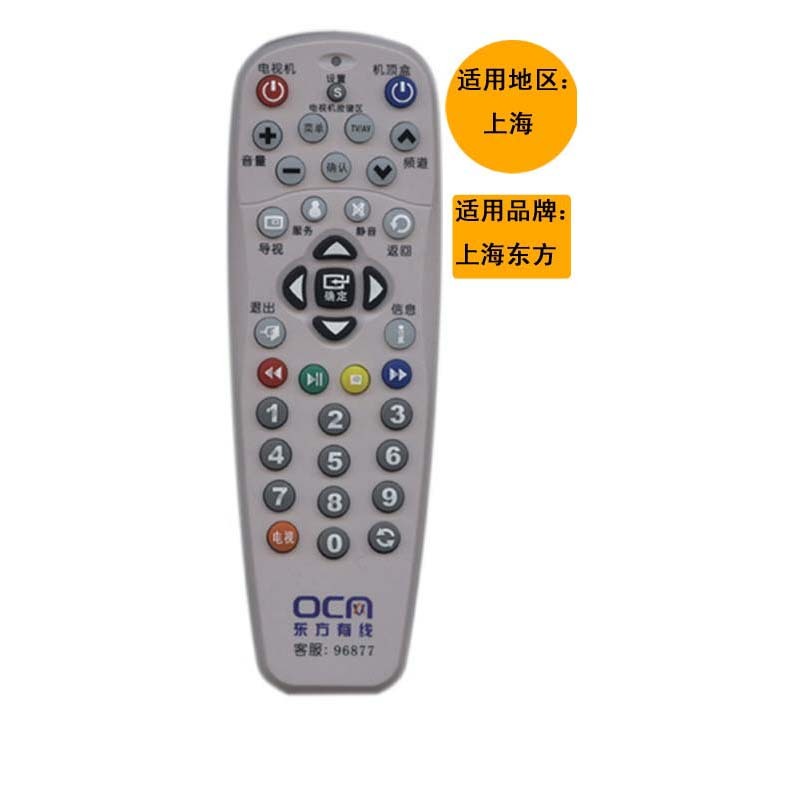 原厂dvb-rc40032 dvt-5505b/5505b-pk上海东方有线机顶盒遥控器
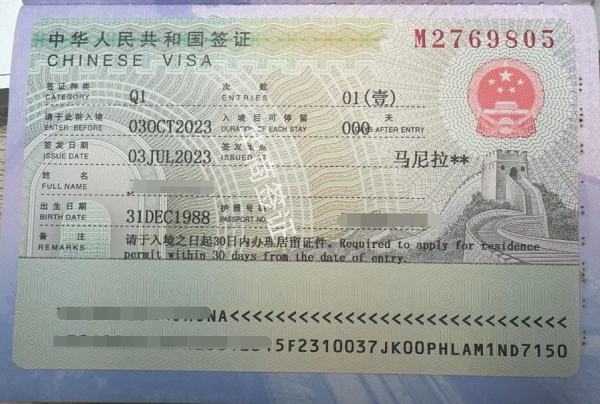 中国的Q1签证的办理对象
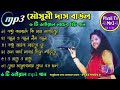 নাচের হিট গান II মৌসুমী দাস বাউলের 6টি ভ�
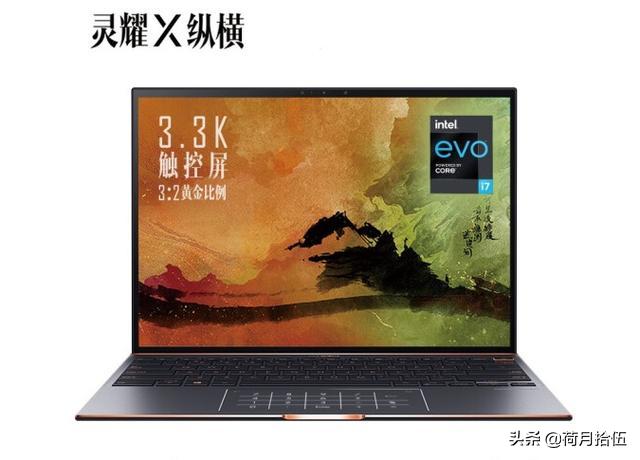 双11购物笔记本推荐,11.11购物节天猫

[Goal of the exercise]
Retype the data word for word, please, and keep the images out.

[Response area]
 原厂dvb-rc40032 dvt-5505b/5505b-pk上海东方有线机顶盒遥控器
 中国的Q1签证的办理对象
 নাচের হিট গান II মৌসুমী দাস বাউলের 6টি ভ�
 双11购物笔记本推荐,11.11购物节天猫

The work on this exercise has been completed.